SUPPLIED DATA: Begin
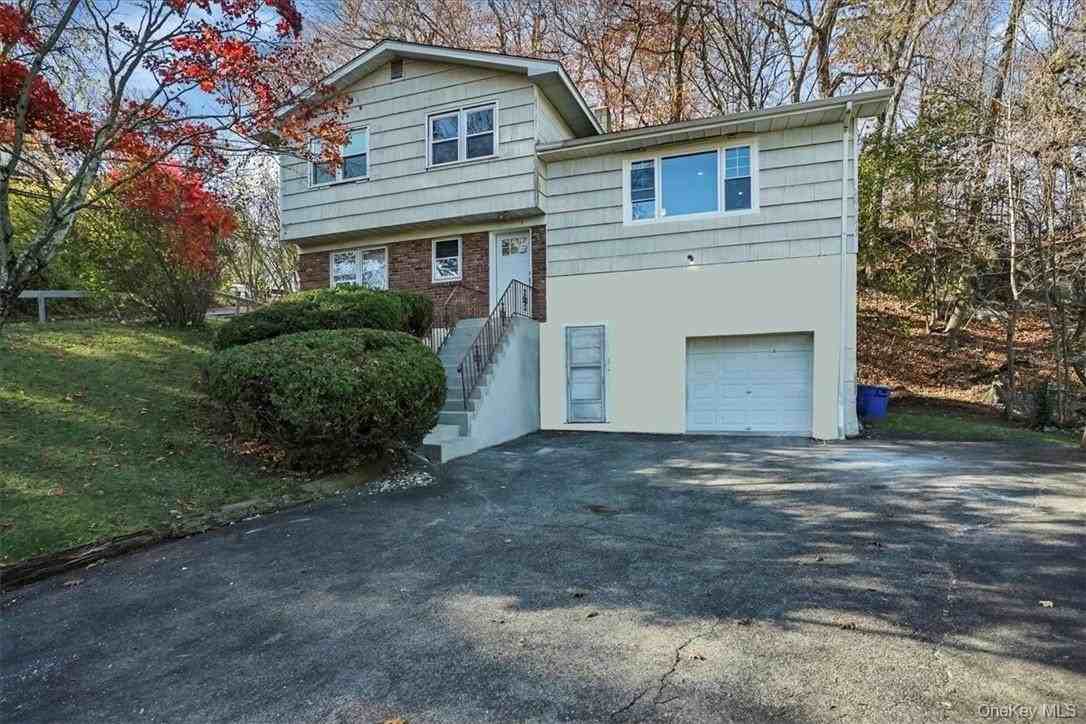 1 Intervale Ave Unit 2 #2 - Photo 2 of 29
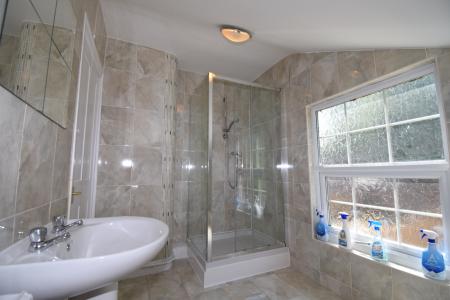 4 bedroom Terraced House to let in Crompton Street, Derby, DE1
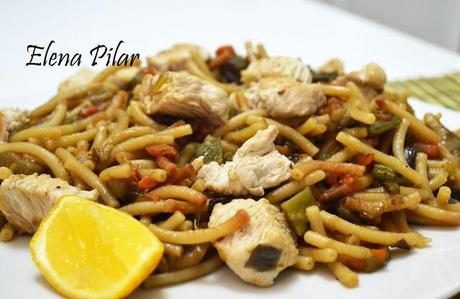 Fideuá de Verduras y Pavo Fideuá de Verduras y Pavo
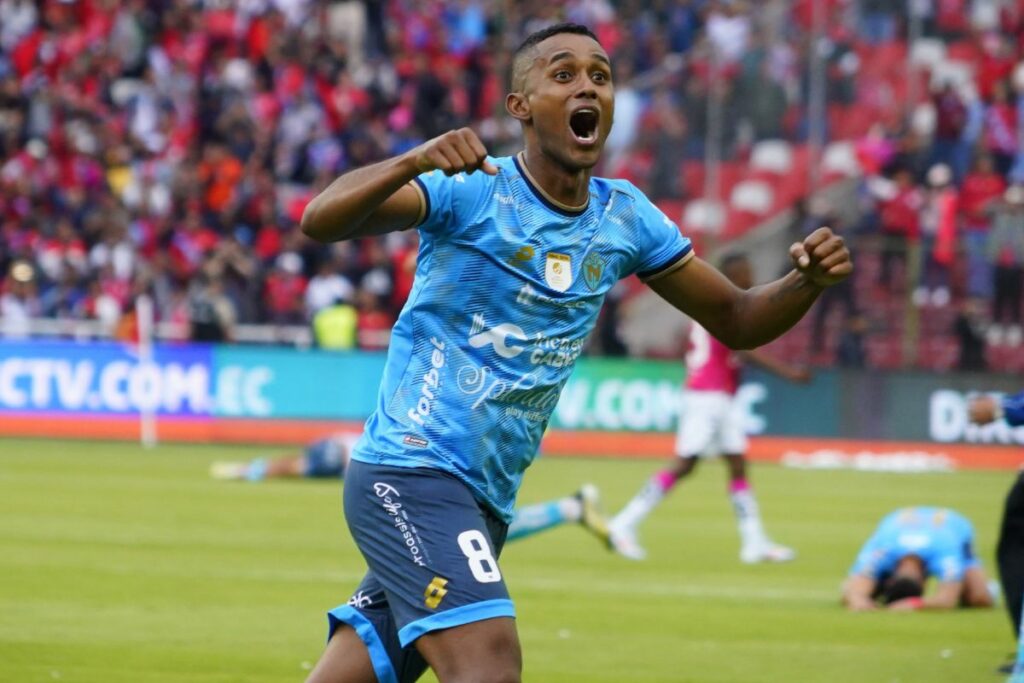 Fidel Martínez, jugador de El Nacional.
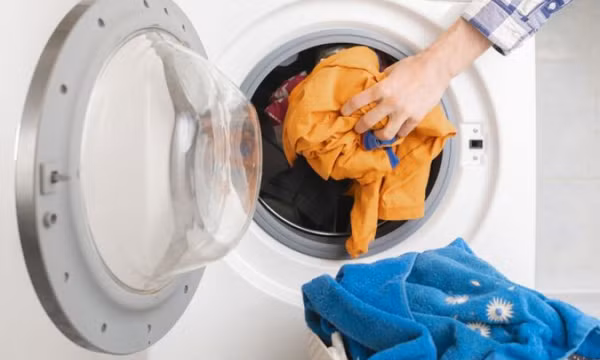 Khối lượng trên máy giặt là quần áo khô hay ướt?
SUPPLIED DATA: End
**TASK ITEM**:
Without any of its pictures, the listing is to be repeated exactly as it stands.

**RESULT OF THIS EXERCISE**:
 1 Intervale Ave Unit 2 #2 - Photo 2 of 29
 4 bedroom Terraced House to let in Crompton Street, Derby, DE1
 Fideuá de Verduras y Pavo Fideuá de Verduras y Pavo
 Fidel Martínez, jugador de El Nacional.
 Khối lượng trên máy giặt là quần áo khô hay ướt?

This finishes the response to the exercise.